• TO DO: Omit all pictures. Quote the lines from the one with "Custodia Galaxy A22" through the end of the listing below, exactly as they appear.

*** Opening of SUPPLIED DATA ***

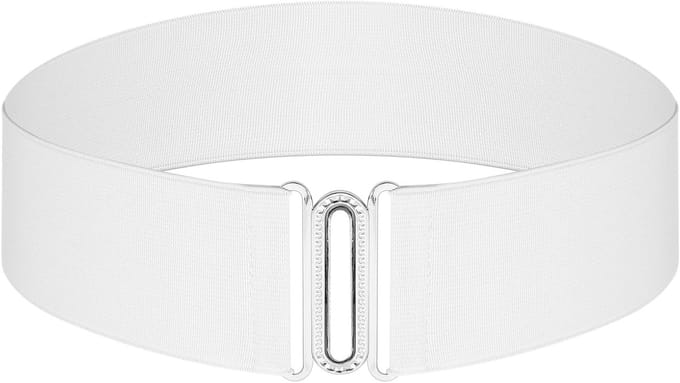 Brede Stretch Tailleband voor Dames - Witte Elastische Riem voor Avondjurken en Casual Outfits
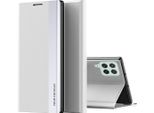 Custodia Galaxy A22 4G, Laimtop Finto Cuoio Magnetic Flip Stand Custodia Per Samsung Galaxy A22 4G Bianco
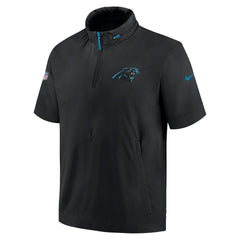 Carolina Panthers 2024 Sideline Coach Short Sleeve Half-Zip Hoodie Jacket - Black cheap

*** Close of SUPPLIED DATA ***

• SOLUTION FOR THIS PROBLEM:
 Custodia Galaxy A22 4G, Laimtop Finto Cuoio Magnetic Flip Stand Custodia Per Samsung Galaxy A22 4G Bianco
 Carolina Panthers 2024 Sideline Coach Short Sleeve Half-Zip Hoodie Jacket - Black cheap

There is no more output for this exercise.